>>>>
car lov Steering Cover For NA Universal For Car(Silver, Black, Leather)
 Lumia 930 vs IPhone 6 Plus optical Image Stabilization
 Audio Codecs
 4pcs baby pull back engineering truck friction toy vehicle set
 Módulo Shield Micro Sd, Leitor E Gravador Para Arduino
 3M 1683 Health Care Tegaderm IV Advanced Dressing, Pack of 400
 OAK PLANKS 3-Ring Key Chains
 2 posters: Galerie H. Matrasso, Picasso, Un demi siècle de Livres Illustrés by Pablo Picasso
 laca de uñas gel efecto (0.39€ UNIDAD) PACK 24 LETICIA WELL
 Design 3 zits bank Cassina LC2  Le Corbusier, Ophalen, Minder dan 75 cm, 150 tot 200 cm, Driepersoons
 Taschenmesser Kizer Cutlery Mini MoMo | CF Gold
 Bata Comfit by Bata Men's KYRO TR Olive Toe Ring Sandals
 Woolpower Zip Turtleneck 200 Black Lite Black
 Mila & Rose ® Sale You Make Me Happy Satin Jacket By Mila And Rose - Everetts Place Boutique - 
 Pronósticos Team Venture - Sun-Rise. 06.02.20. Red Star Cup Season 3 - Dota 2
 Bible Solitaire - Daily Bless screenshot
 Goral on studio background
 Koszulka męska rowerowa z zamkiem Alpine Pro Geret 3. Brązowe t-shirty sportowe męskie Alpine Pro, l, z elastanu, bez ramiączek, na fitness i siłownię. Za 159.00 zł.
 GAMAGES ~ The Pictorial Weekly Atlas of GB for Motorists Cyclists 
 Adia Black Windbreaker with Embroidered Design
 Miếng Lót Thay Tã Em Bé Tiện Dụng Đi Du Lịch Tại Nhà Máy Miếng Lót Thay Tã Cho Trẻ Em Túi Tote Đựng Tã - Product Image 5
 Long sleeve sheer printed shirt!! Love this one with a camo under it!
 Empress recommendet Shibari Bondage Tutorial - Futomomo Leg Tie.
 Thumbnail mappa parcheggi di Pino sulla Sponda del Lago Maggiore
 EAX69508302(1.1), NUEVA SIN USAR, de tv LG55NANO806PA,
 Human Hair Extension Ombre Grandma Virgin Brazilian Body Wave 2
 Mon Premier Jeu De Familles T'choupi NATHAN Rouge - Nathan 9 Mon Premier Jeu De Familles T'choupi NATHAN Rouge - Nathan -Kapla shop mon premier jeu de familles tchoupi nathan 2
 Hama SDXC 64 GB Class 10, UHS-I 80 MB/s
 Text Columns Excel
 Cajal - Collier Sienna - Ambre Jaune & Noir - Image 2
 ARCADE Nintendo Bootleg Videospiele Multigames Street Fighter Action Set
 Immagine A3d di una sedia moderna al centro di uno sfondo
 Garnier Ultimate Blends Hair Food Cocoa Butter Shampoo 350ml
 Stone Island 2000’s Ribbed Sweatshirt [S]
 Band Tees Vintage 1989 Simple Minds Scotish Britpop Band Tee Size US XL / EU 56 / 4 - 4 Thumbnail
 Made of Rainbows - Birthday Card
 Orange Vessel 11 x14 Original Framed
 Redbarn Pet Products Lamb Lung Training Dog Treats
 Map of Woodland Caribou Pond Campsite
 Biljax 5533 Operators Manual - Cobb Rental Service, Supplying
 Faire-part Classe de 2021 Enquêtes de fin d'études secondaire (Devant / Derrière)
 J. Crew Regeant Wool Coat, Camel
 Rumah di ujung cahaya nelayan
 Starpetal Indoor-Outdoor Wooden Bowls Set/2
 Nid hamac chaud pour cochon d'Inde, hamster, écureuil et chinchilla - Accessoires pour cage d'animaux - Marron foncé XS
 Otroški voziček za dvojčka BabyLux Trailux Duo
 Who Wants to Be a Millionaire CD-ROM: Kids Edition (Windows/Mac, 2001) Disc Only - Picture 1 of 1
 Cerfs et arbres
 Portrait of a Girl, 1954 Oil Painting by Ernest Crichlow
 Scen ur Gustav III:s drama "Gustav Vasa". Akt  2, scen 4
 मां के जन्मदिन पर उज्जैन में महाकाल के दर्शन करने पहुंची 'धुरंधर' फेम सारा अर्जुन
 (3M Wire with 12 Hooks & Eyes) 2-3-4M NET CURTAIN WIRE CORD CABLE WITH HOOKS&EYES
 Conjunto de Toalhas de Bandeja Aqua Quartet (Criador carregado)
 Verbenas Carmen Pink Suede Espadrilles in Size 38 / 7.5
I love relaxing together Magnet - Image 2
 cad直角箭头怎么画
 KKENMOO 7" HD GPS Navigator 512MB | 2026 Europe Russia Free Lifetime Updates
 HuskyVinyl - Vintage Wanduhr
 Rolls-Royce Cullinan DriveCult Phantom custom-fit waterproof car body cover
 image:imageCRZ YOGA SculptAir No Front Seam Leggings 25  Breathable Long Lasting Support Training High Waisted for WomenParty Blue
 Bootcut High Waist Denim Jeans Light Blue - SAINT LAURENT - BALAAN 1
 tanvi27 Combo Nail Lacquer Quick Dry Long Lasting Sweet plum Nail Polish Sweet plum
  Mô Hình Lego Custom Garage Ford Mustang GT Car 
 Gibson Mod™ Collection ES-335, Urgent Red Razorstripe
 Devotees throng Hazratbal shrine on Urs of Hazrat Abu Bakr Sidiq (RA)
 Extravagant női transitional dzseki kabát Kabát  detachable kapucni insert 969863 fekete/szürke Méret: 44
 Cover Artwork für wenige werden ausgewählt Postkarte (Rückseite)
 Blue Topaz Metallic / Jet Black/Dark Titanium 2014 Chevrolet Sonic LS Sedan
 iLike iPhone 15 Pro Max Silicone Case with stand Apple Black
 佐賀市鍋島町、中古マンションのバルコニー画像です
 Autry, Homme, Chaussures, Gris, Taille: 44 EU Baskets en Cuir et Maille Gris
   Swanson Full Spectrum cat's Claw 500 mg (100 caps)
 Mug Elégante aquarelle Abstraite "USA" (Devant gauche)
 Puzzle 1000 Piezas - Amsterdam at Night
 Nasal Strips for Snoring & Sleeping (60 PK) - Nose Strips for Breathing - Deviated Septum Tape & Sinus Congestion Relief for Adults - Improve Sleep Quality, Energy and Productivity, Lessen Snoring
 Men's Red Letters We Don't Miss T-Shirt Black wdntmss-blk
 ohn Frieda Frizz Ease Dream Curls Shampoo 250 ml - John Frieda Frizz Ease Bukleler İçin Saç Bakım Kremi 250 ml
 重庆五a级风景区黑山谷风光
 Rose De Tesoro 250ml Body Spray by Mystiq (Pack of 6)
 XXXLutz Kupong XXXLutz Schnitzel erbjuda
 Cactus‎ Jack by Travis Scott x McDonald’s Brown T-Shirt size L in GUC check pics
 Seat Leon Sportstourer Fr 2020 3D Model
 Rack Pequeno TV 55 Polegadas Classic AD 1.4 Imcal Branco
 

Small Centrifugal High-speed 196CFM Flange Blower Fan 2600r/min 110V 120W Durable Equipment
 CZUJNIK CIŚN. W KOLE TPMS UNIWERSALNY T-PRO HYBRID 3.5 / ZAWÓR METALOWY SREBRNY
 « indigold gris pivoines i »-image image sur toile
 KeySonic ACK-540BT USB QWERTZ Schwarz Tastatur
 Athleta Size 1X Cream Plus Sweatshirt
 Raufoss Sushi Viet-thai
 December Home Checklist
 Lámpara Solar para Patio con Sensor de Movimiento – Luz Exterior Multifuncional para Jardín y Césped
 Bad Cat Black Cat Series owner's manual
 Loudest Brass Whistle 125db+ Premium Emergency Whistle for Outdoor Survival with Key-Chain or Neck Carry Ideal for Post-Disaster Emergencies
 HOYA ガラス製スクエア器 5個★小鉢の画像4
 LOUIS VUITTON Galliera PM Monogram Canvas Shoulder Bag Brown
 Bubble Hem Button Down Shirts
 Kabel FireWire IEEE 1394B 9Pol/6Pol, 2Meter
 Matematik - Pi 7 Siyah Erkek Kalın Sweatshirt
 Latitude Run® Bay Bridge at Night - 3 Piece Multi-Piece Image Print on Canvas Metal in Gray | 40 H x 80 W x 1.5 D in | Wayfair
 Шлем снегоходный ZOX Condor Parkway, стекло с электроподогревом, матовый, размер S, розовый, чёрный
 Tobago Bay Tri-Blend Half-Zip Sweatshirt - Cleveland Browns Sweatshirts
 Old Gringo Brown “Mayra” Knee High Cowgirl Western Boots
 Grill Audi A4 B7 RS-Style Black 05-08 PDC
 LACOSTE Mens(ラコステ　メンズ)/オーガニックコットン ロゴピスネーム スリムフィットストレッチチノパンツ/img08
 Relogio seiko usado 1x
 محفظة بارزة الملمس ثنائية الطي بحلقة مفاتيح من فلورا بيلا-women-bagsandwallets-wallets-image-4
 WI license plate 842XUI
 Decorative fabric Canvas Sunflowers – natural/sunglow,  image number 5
<<<<
= EXERCISE DETAILS =
Go through the entries and copy each line holding the string "Blue".

= WRITTEN ANSWER =
 image:imageCRZ YOGA SculptAir No Front Seam Leggings 25  Breathable Long Lasting Support Training High Waisted for WomenParty Blue
 Bootcut High Waist Denim Jeans Light Blue - SAINT LAURENT - BALAAN 1
 Blue Topaz Metallic / Jet Black/Dark Titanium 2014 Chevrolet Sonic LS Sedan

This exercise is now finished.